### About this exercise
With pictures left out, retype the lines from the start of the records through the one that contains "2024 Acura Integra".

Content starts

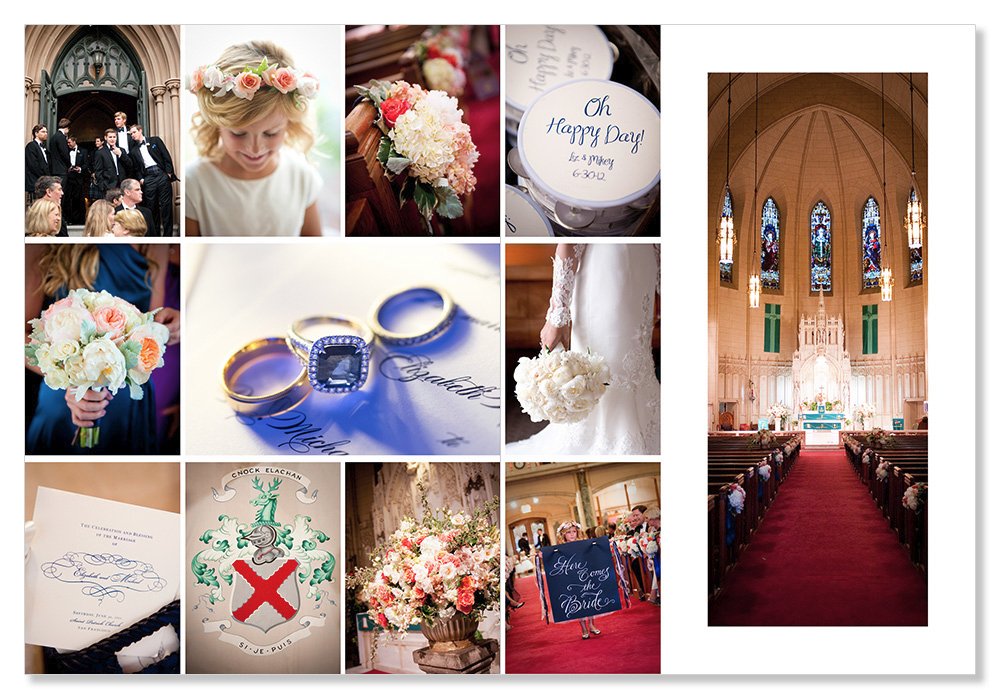 Details of San Francisco wedding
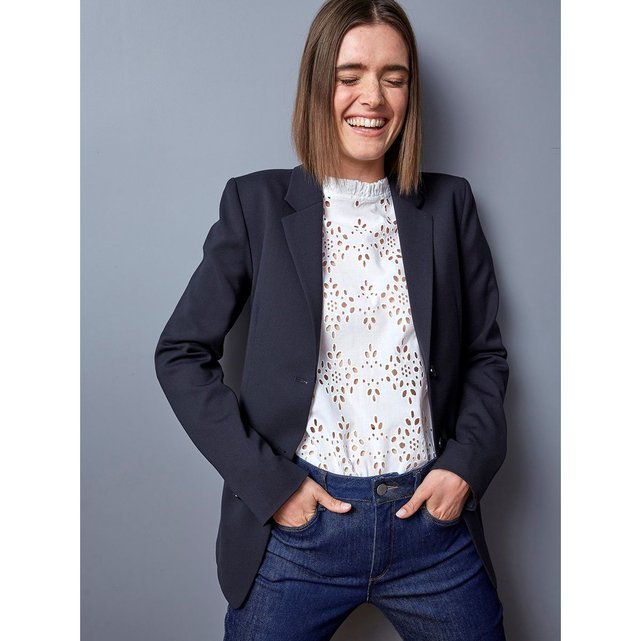  Veste  working femme  bleu Cyrillus  La Redoute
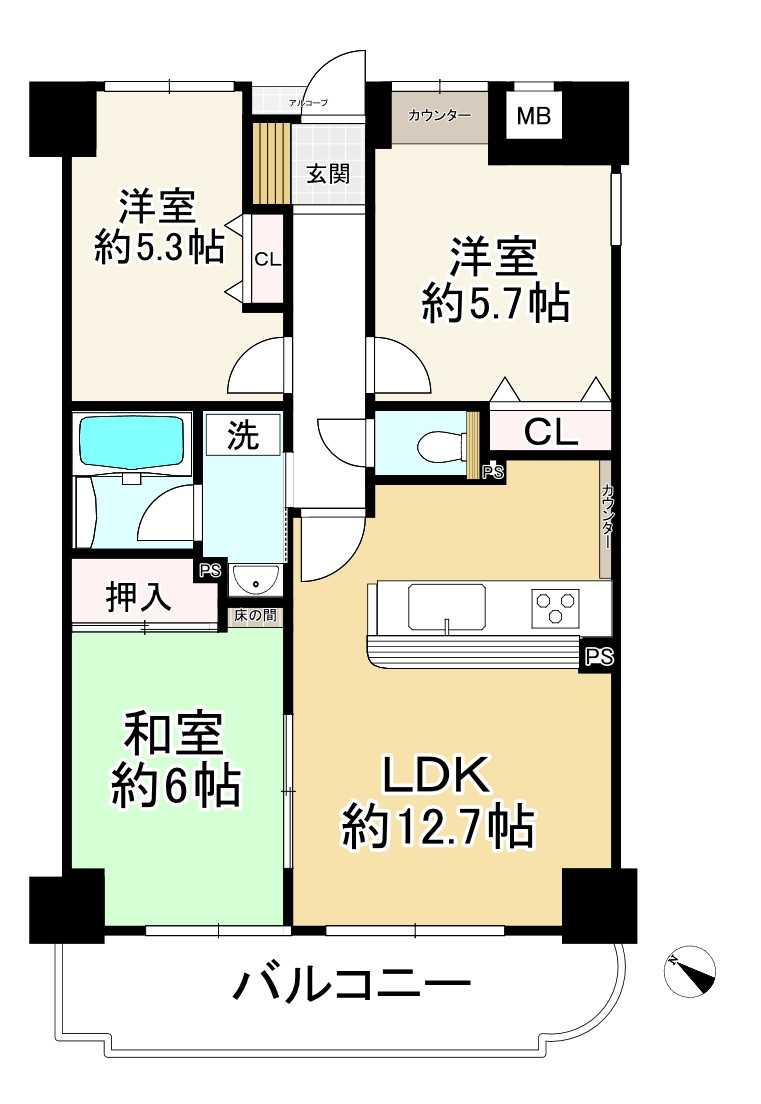 間取り図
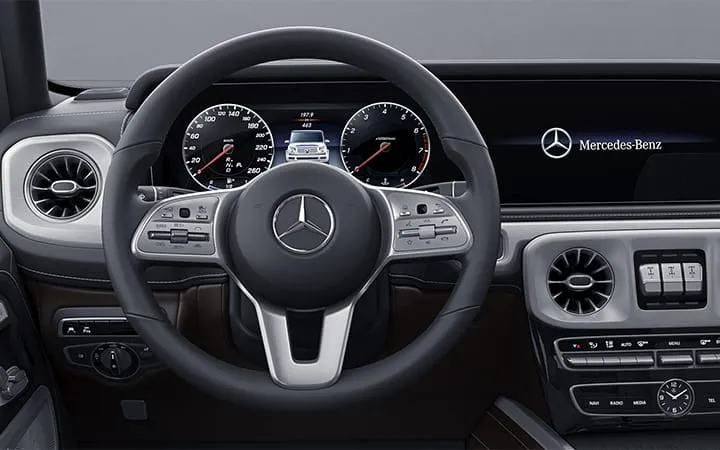 2019 G-Class Design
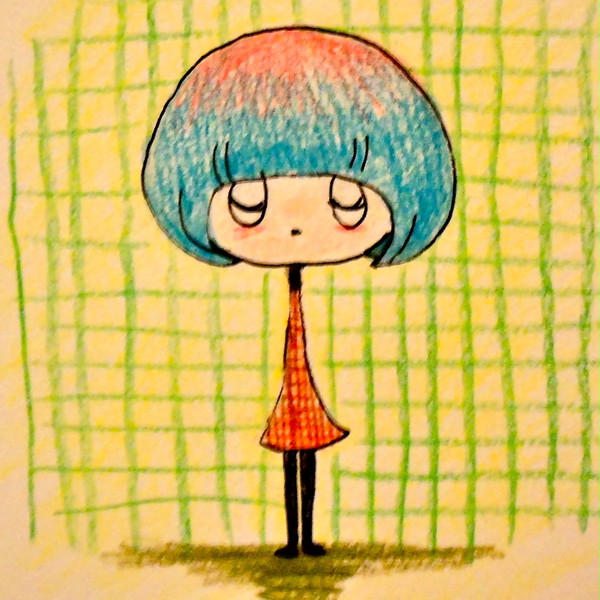 きのこ頭女の子ver.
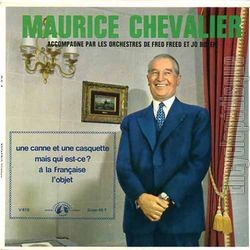 [Pochette de Une canne et une casquette (Maurice CHEVALIER)]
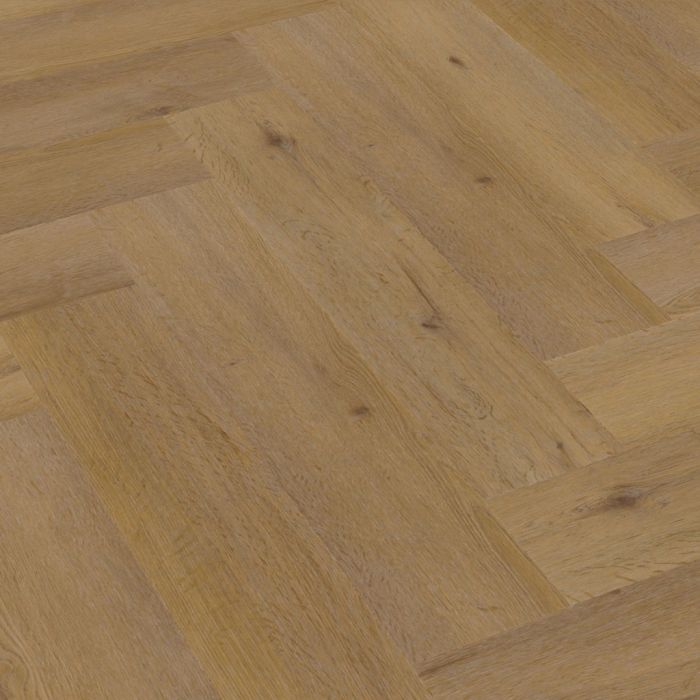 PVC Yup Leyton herringbone Collection Dark Oak Dryback
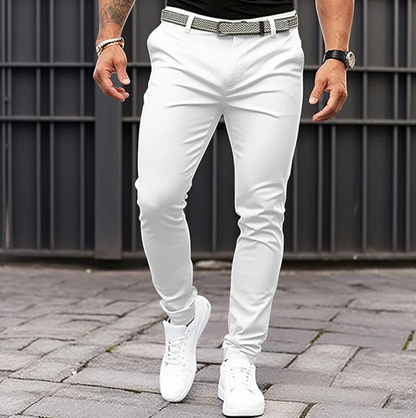 Alessio | Men’s Elegant Versatile Trousers
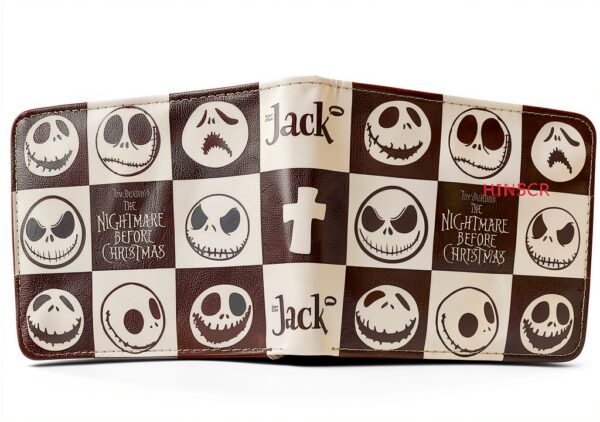 Superhero Wallet Boys Vegan Leather BiFold Gift-0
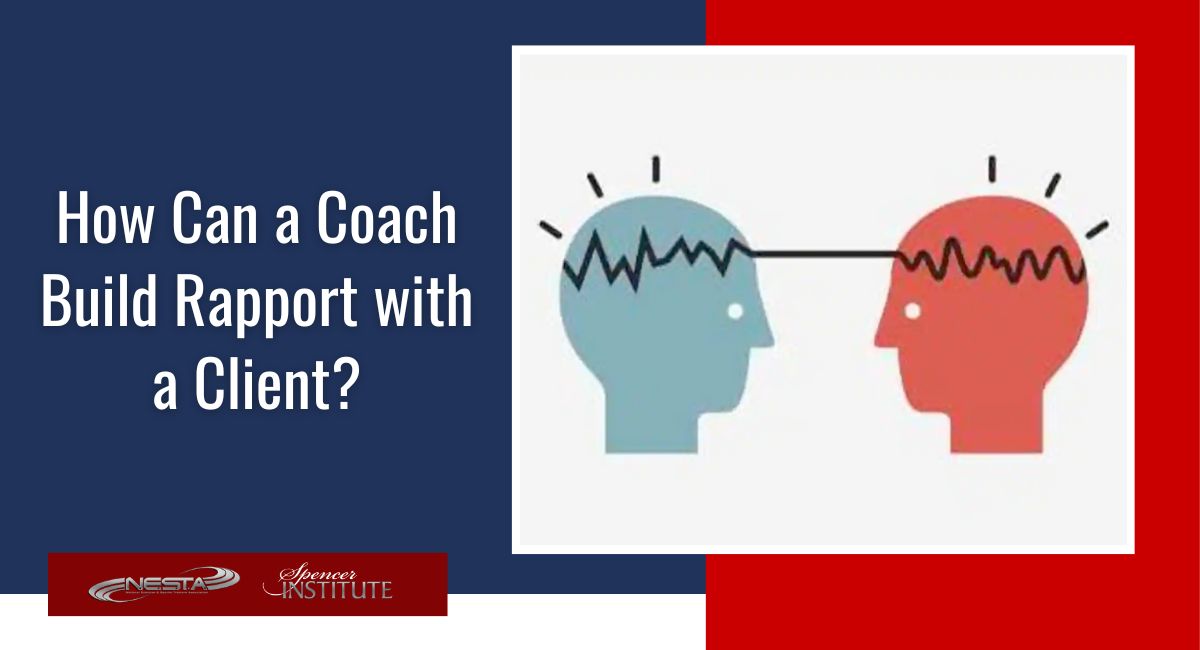 coaches use mirroring and matching to build rapport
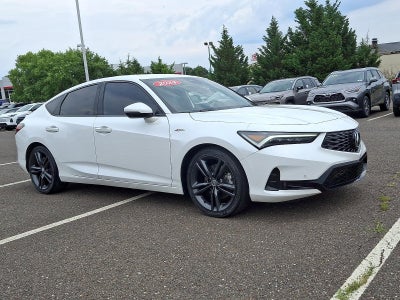 2024 Acura Integra CVT w/A-Spec Technology Package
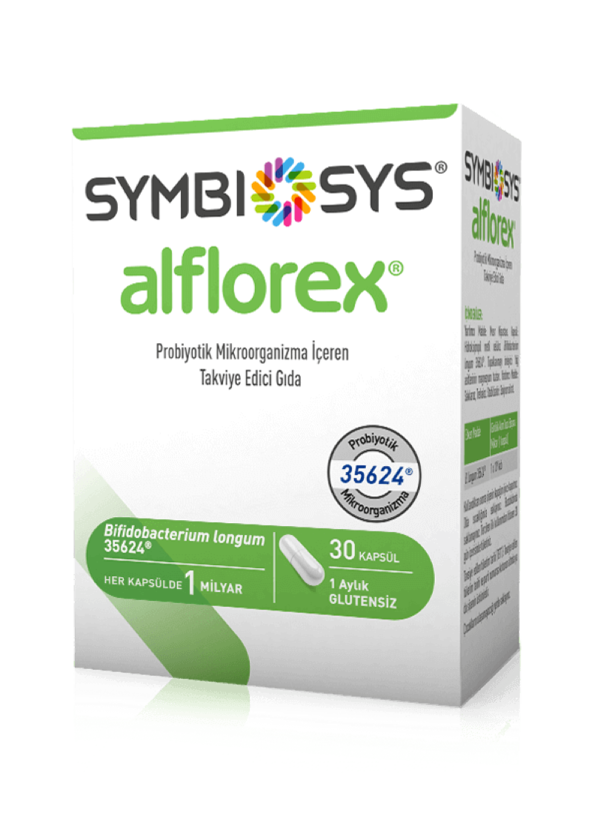 Alflorex Probiyotik İçeren Takviye Edici Gıda 30 Kapsül - Image 1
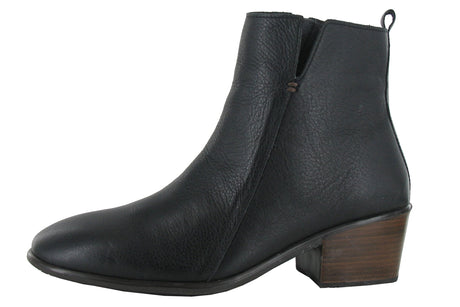 Black Soft Leather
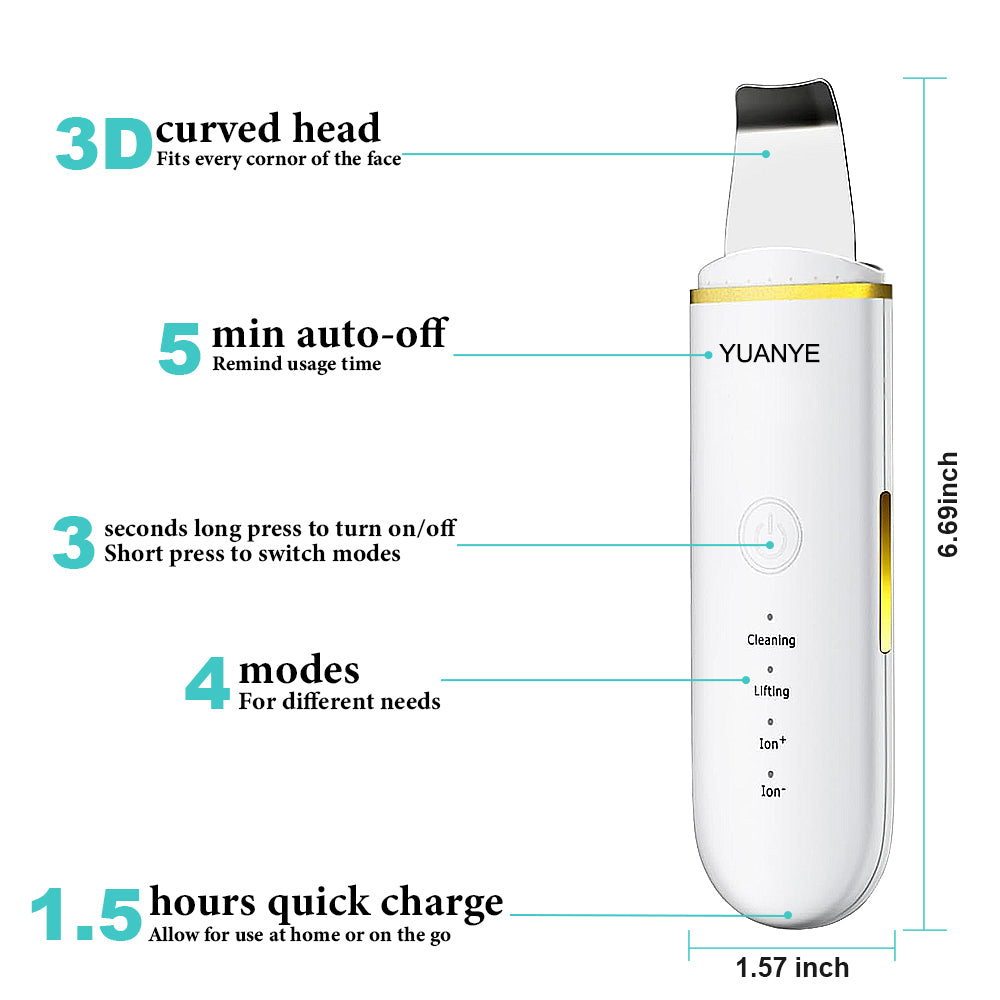 Skin Scrubber Face-Blackhead Remover 
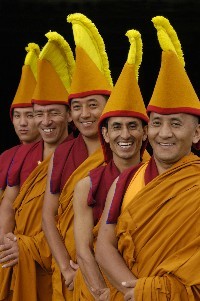 Tashi Lhunpo Tibetan Monks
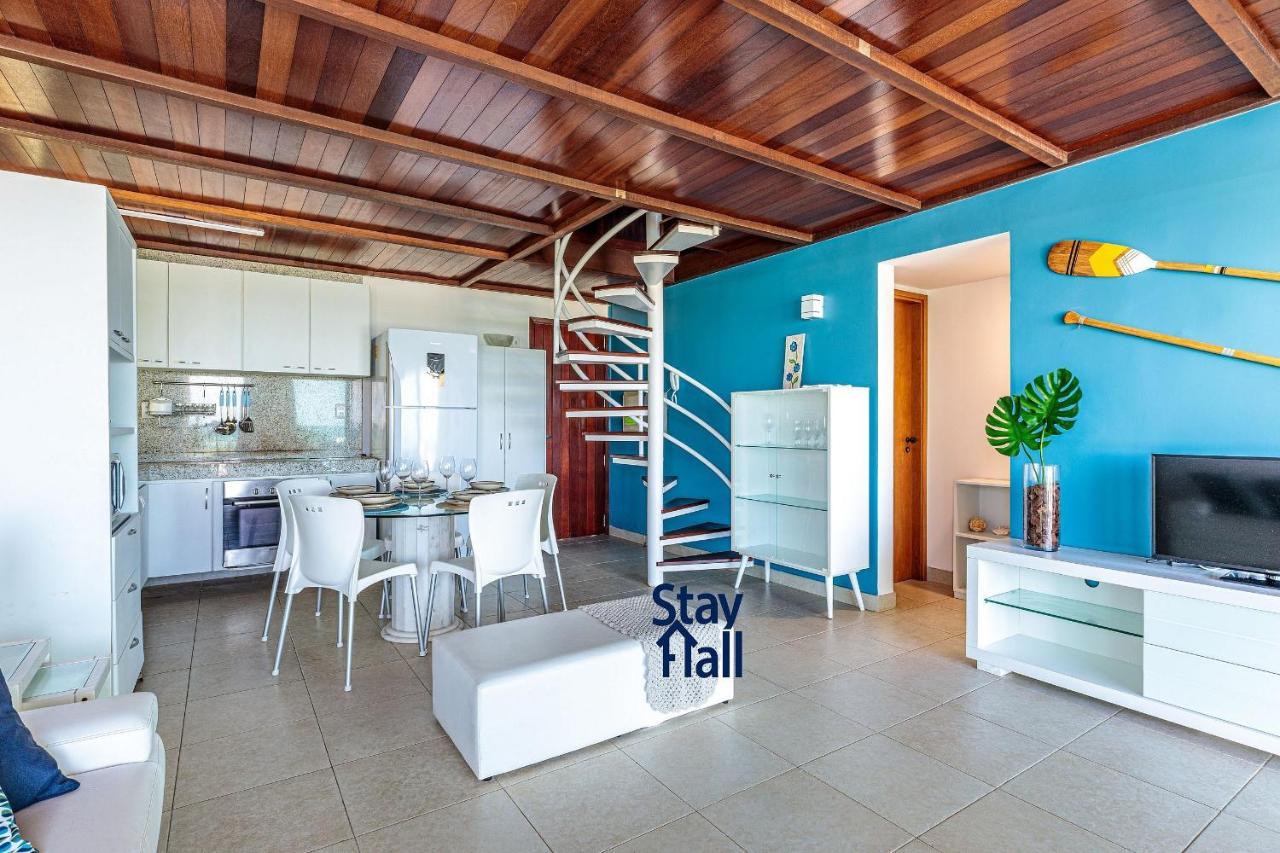 Bangalo 4Qts-Beira-Mar Com Cozinheira-Sh034 Villa Pôrto das Galinhas Exterior foto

Content ends

### Response to this exercise
 Details of San Francisco wedding
  Veste  working femme  bleu Cyrillus  La Redoute
 間取り図
 2019 G-Class Design
 きのこ頭女の子ver.
 [Pochette de Une canne et une casquette (Maurice CHEVALIER)]
 PVC Yup Leyton herringbone Collection Dark Oak Dryback
 Alessio | Men’s Elegant Versatile Trousers
 Superhero Wallet Boys Vegan Leather BiFold Gift-0
 coaches use mirroring and matching to build rapport
 2024 Acura Integra CVT w/A-Spec Technology Package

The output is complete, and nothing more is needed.